(TASK TO COMPLETE):
All pictures are to be omitted while the lines starting at the line with "Universal Audio Apollo" and ending at the line with "Tualatin.West-Linn.6A-football-semifinal.Leon-Neuschwander.30" in the material below are retyped exactly, both ends included.
PROVIDED INFORMATION Start Marker
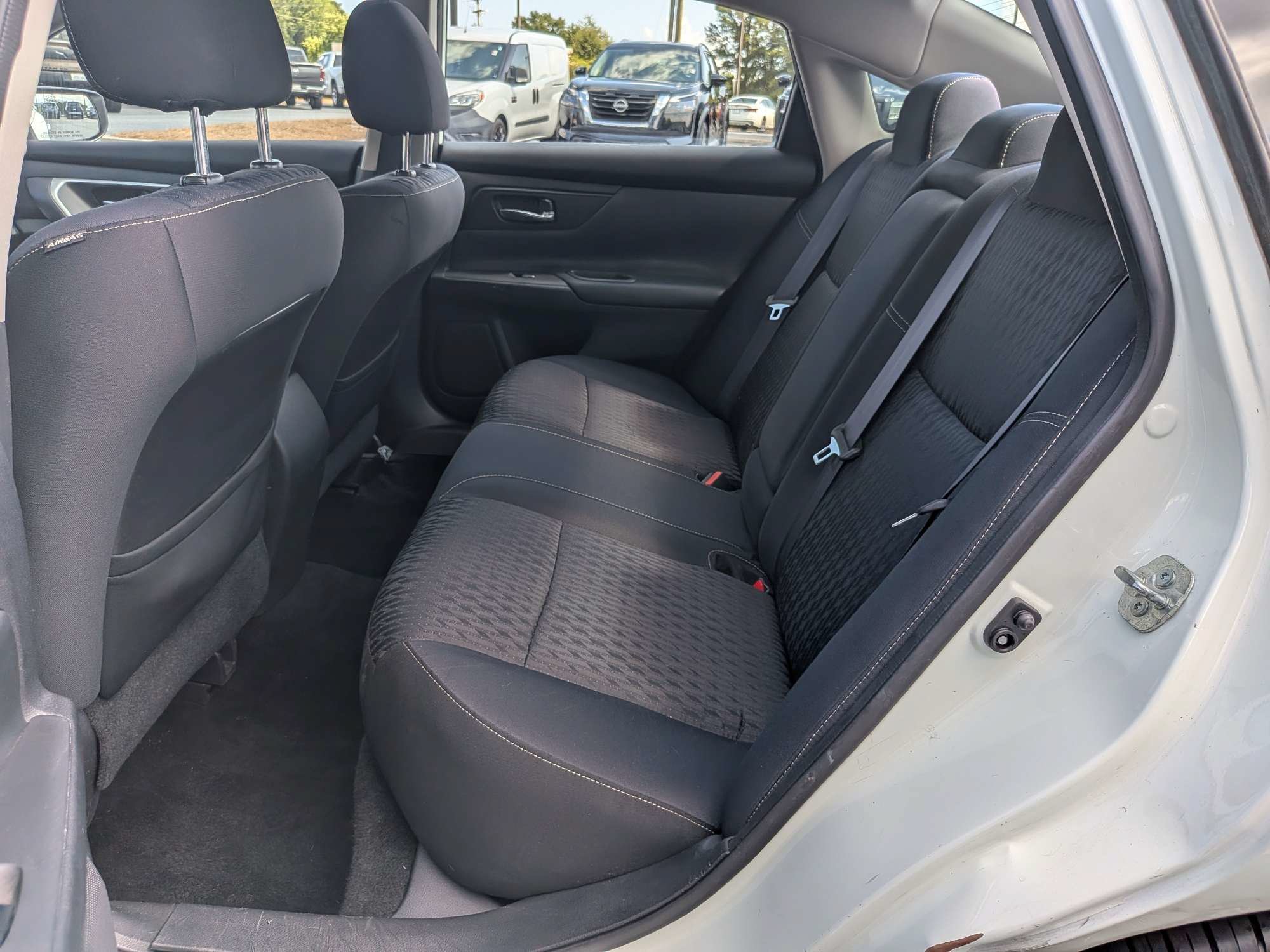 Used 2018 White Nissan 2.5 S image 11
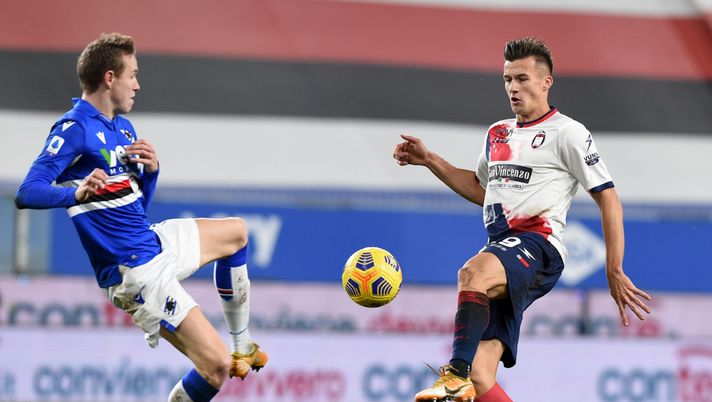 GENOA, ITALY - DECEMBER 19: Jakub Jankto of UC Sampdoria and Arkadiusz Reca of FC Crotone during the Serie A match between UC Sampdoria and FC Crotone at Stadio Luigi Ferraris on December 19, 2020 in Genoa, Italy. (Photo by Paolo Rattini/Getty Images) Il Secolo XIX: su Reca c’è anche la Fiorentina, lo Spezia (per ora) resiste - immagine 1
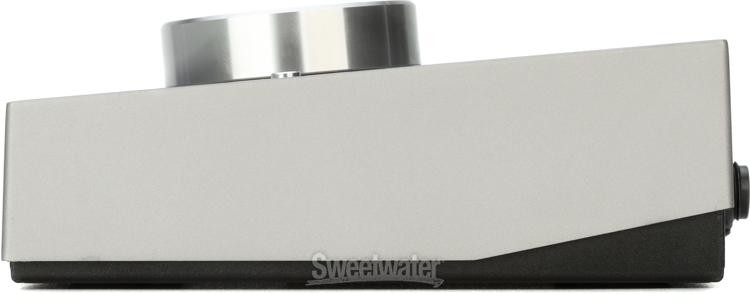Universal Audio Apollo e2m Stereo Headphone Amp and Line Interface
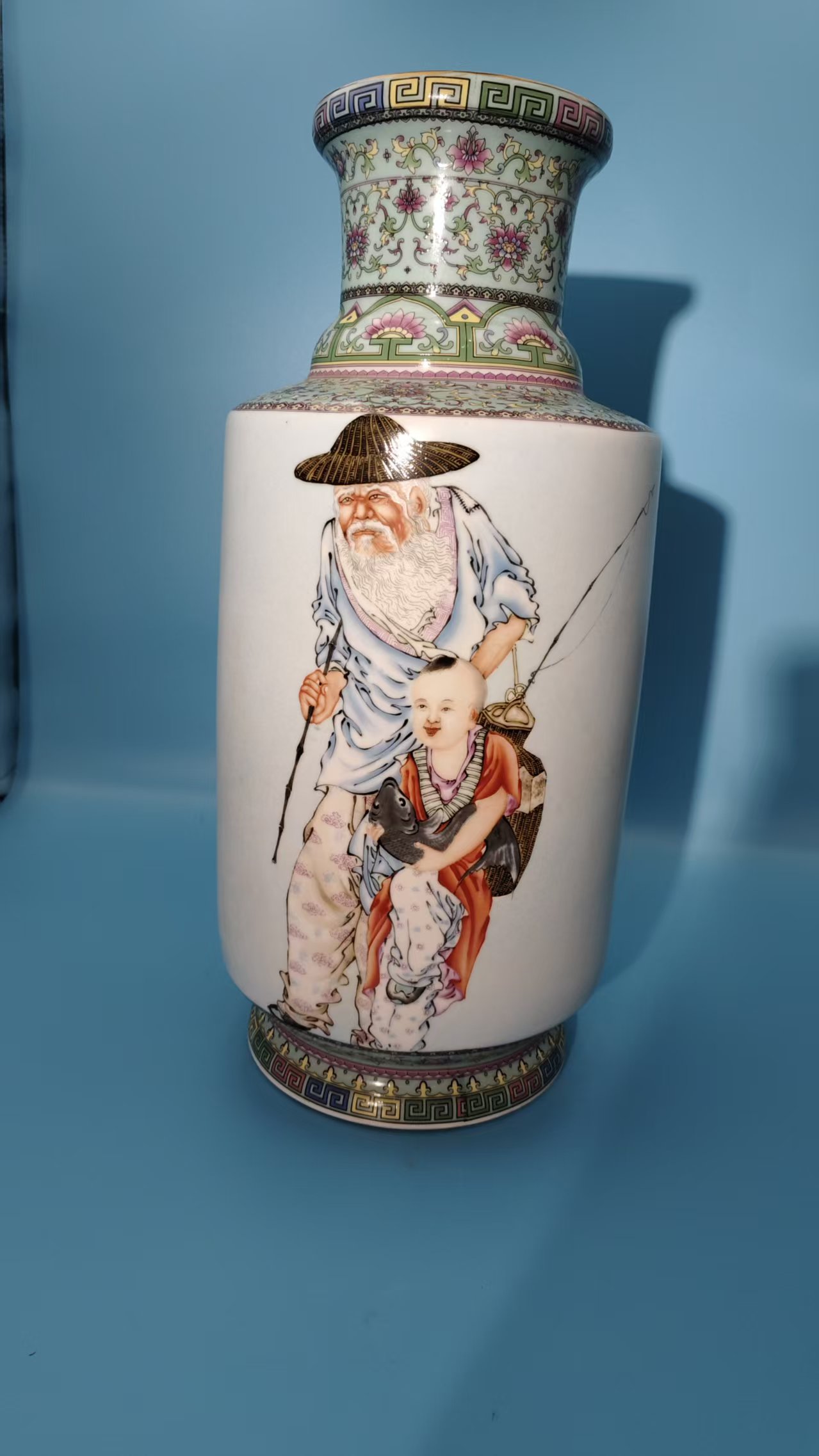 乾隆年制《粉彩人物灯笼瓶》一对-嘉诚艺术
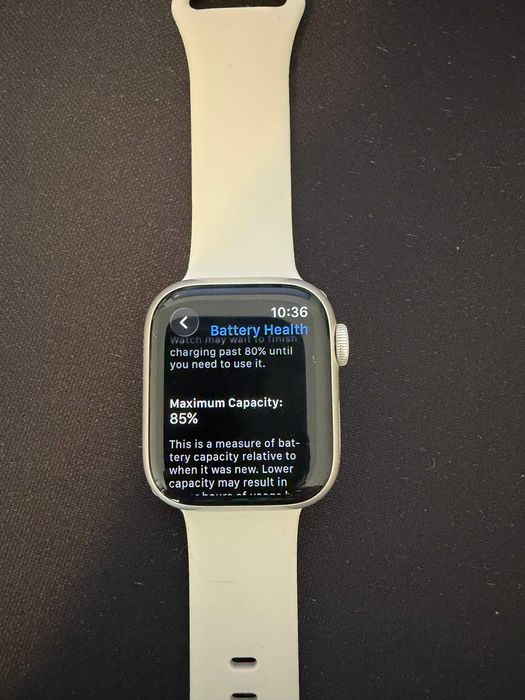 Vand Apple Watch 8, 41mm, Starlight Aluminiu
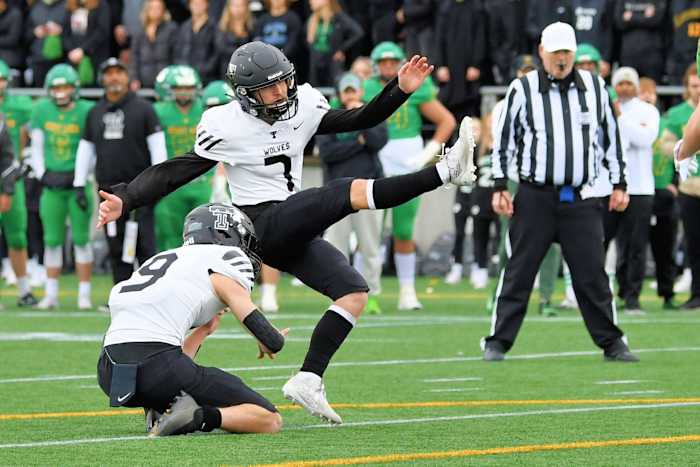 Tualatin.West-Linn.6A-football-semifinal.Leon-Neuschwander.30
PROVIDED INFORMATION End Marker
PROVIDED INFORMATION Start Marker
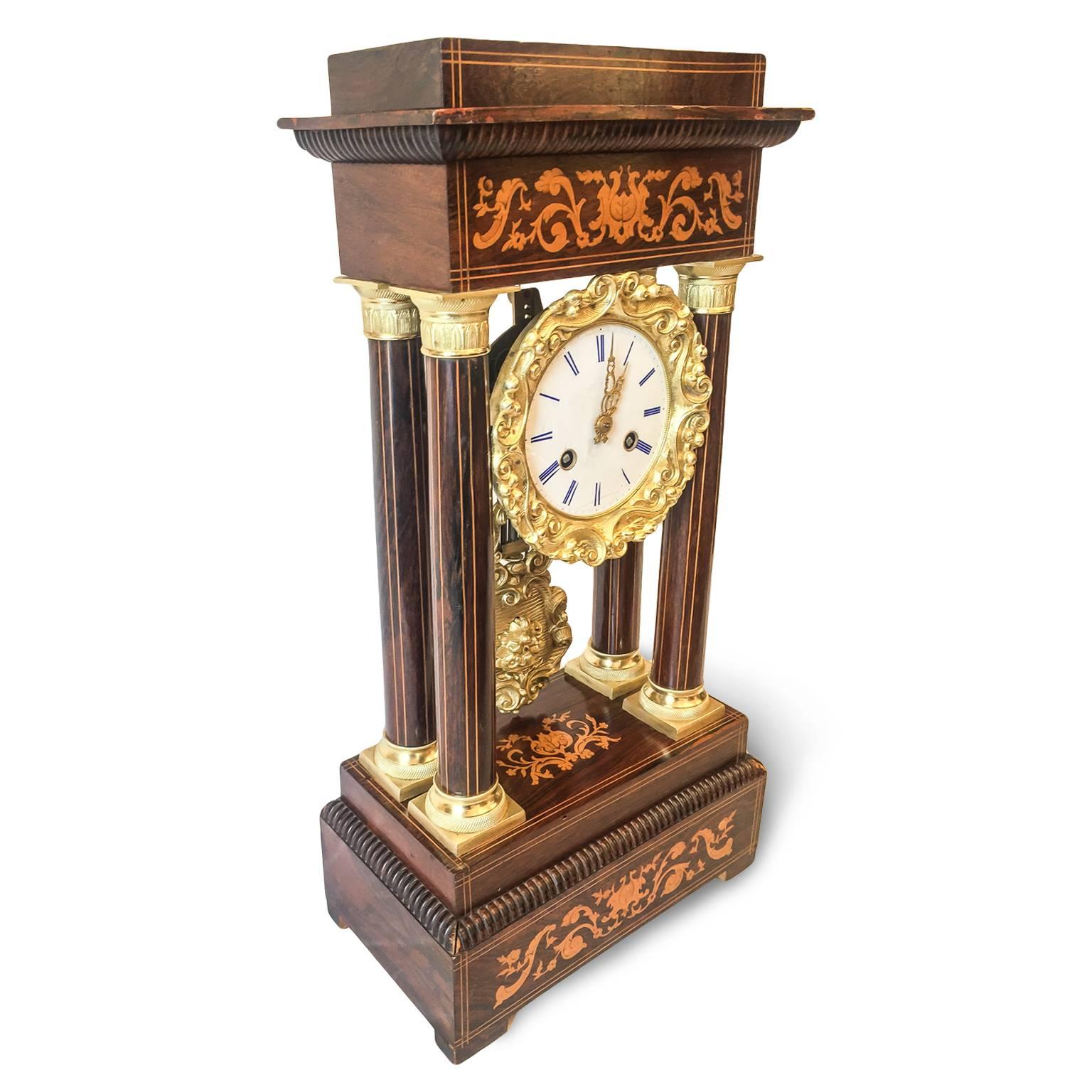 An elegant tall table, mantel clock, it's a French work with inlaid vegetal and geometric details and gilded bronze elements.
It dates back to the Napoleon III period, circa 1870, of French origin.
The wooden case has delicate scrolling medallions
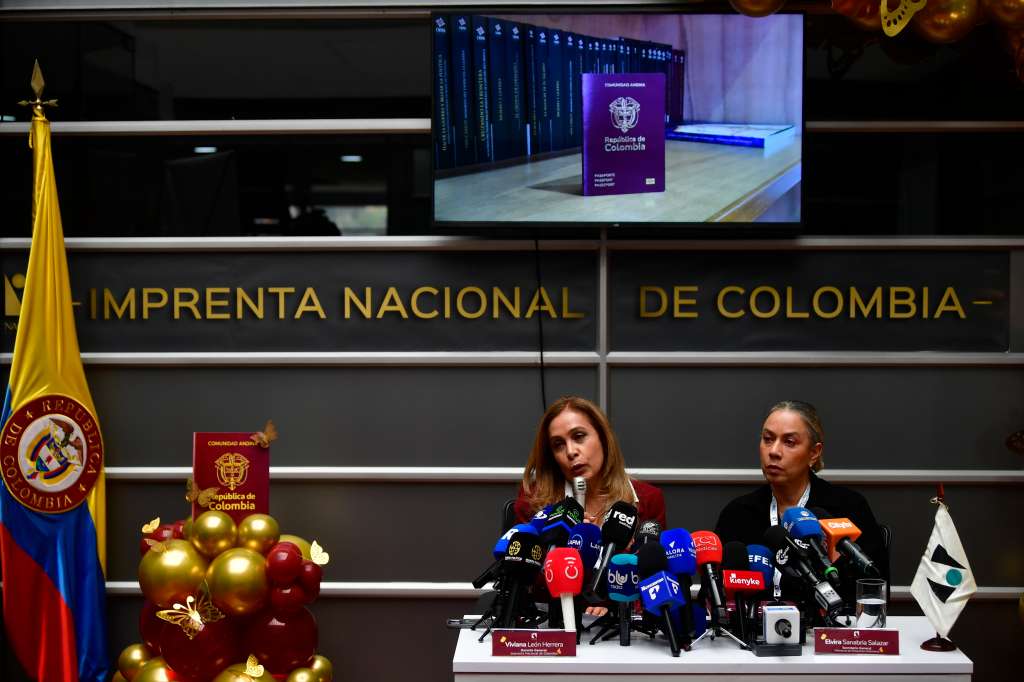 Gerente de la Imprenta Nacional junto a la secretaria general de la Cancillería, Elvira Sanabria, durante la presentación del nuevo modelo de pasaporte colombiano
PROVIDED INFORMATION End Marker
PROVIDED INFORMATION Start Marker
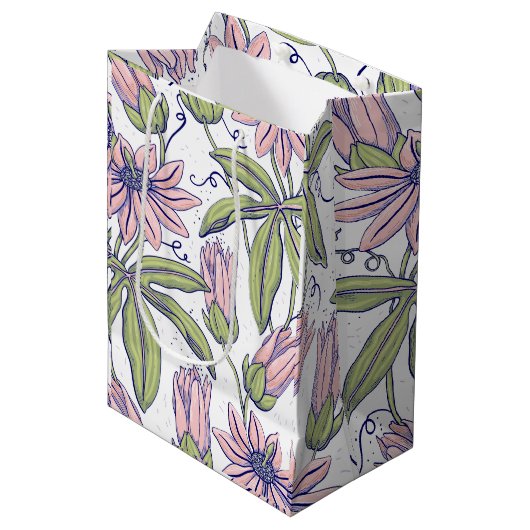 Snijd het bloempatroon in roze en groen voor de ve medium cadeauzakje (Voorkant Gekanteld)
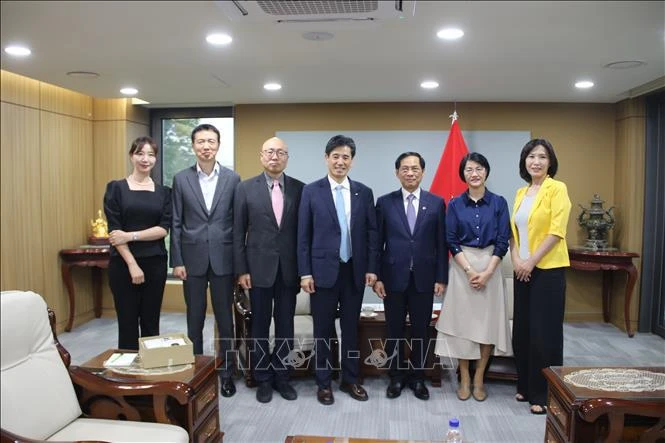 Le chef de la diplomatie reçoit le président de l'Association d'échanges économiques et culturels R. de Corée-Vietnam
PROVIDED INFORMATION End Marker
(ANSWER TO THIS EXERCISE):
Universal Audio Apollo e2m Stereo Headphone Amp and Line Interface
 乾隆年制《粉彩人物灯笼瓶》一对-嘉诚艺术
 Vand Apple Watch 8, 41mm, Starlight Aluminiu
 Tualatin.West-Linn.6A-football-semifinal.Leon-Neuschwander.30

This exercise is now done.